What is required
An exact transcription of all the data is required, with every image removed.

Data section
═══

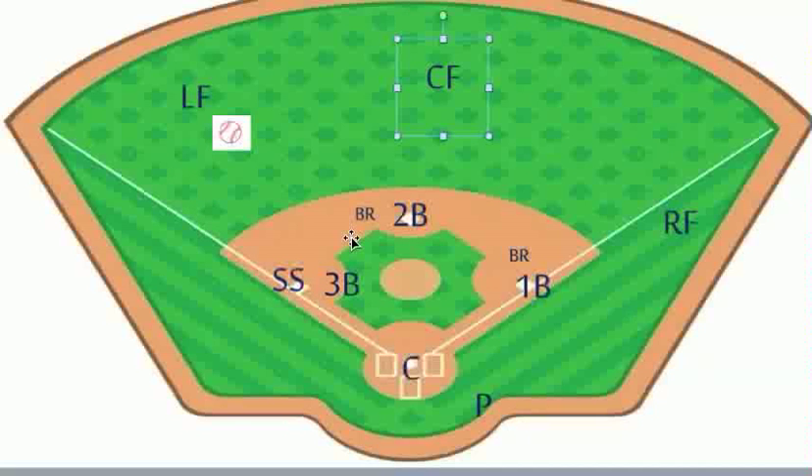So this is a pretty simple variation of our first and second base hit to the outfield plays, except this one is to left, and we only have one cut lined up — that's going to be the third baseman. Hope you enjoyed this video, and if you have any other baseball questions or baseball needs, please make sure you check out CoachBaseballRight.com. Thank you.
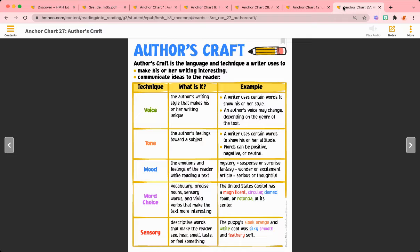The final reading skill is author's craft, where students will learn how authors use language and various techniques to improve their writing.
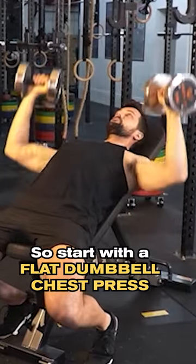So start with a flat dumbbell chest press and a dumbbell bent over row. As your pain starts to subside you can progress to shoulder press and pull ups.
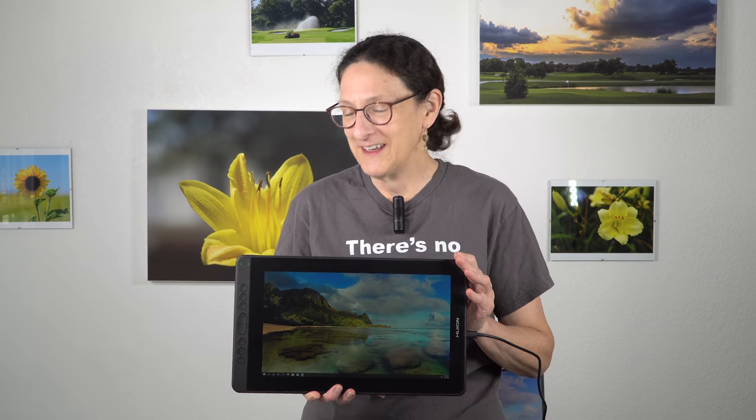So that's the Huion Canvas 13. Finally, they have really gotten it right, and now I don't feel like secretly I'm thinking 'go get a Wacom if you can afford it.' This is pretty darn good. Don't get the older Canvas Pro 13.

═══

Result for this exercise
So this is a pretty simple variation of our first and second base hit to the outfield plays, except this one is to left, and we only have one cut lined up — that's going to be the third baseman. Hope you enjoyed this video, and if you have any other baseball questions or baseball needs, please make sure you check out CoachBaseballRight.com. Thank you.
The final reading skill is author's craft, where students will learn how authors use language and various techniques to improve their writing.
So start with a flat dumbbell chest press and a dumbbell bent over row. As your pain starts to subside you can progress to shoulder press and pull ups.
So that's the Huion Canvas 13. Finally, they have really gotten it right, and now I don't feel like secretly I'm thinking 'go get a Wacom if you can afford it.' This is pretty darn good. Don't get the older Canvas Pro 13.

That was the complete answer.